# WHAT YOU NEED TO DO:
Copy exactly the lines of the data below, beginning with the line with "水蜜桃视频带你探索奇妙世界" and ending with the line with "Tabak 30. Yürümek, Her". Pictures are to be omitted.

# DATA TO EXAMINE:
§ §
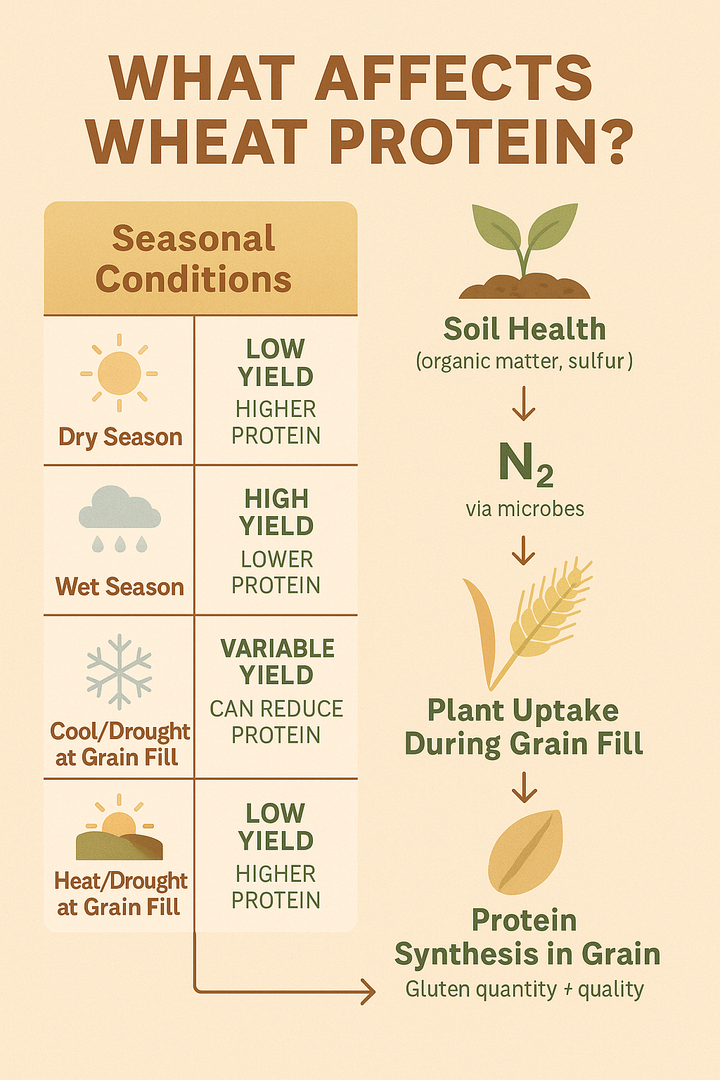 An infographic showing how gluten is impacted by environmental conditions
§ §
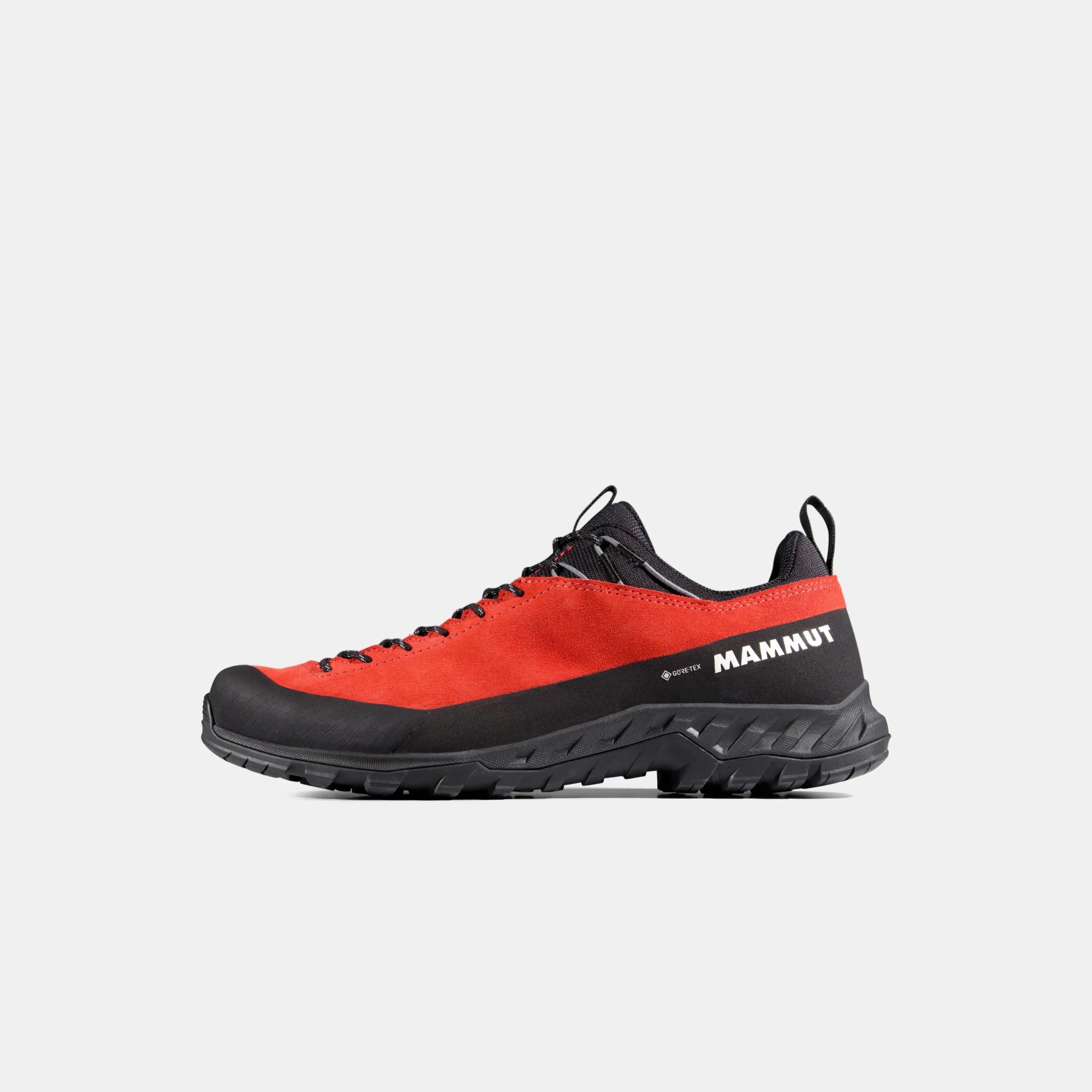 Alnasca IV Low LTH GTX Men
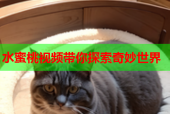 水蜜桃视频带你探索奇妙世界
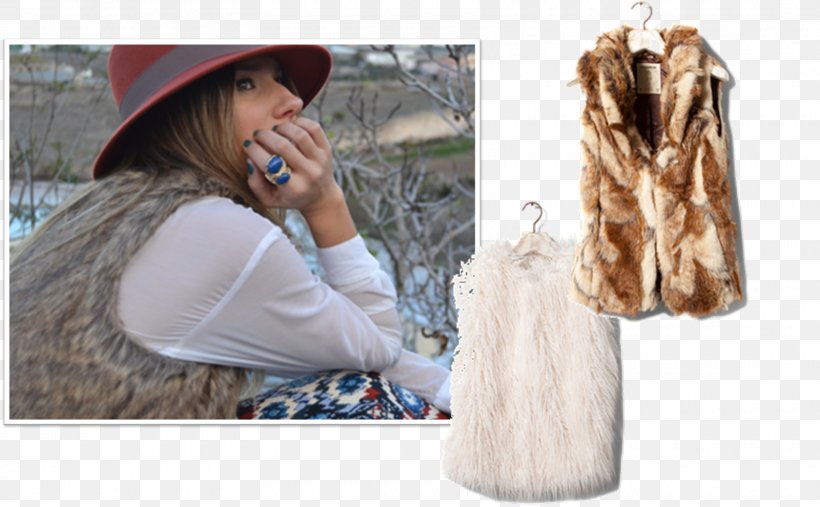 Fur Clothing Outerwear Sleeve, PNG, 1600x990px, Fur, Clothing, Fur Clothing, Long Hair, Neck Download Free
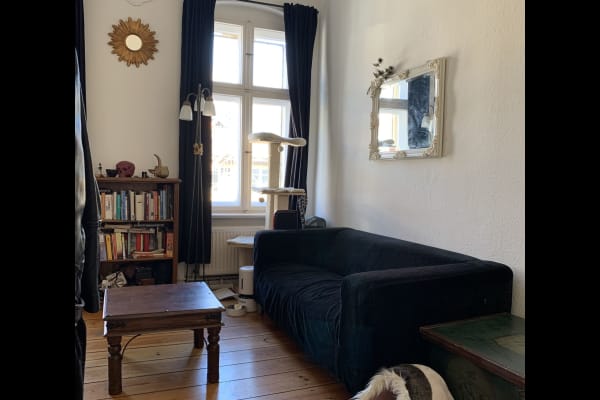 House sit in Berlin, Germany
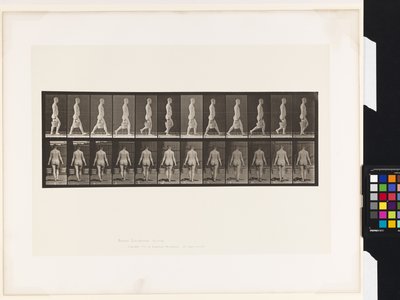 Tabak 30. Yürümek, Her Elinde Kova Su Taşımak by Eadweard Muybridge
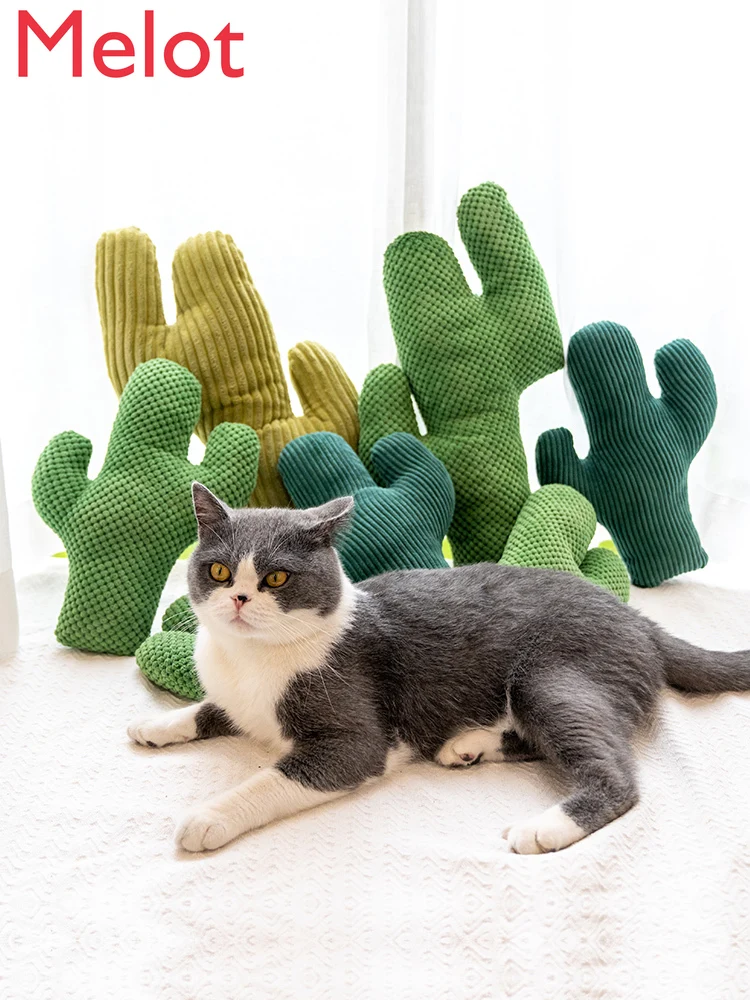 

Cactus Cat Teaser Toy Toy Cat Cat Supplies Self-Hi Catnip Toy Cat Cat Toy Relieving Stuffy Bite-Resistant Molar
§ §
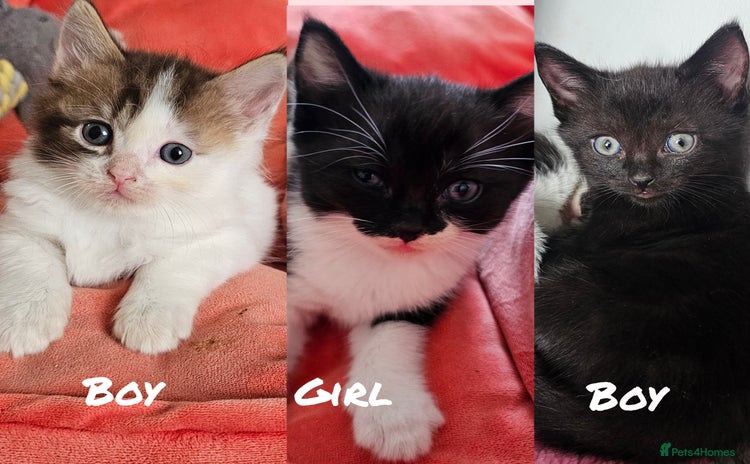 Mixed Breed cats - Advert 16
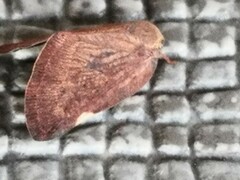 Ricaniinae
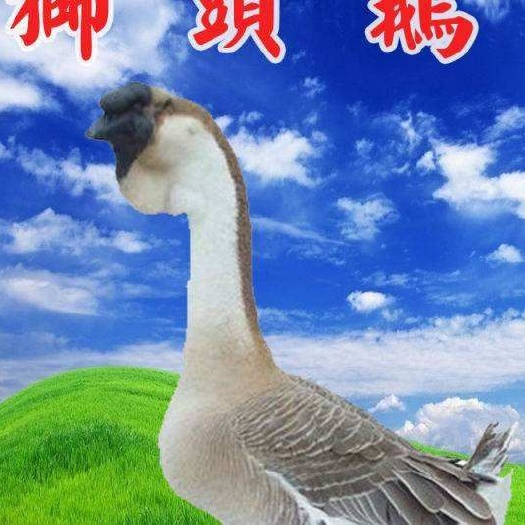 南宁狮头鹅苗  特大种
§ §
# TASK SOLUTION:
 水蜜桃视频带你探索奇妙世界
 Fur Clothing Outerwear Sleeve, PNG, 1600x990px, Fur, Clothing, Fur Clothing, Long Hair, Neck Download Free
 House sit in Berlin, Germany
 Tabak 30. Yürümek, Her Elinde Kova Su Taşımak by Eadweard Muybridge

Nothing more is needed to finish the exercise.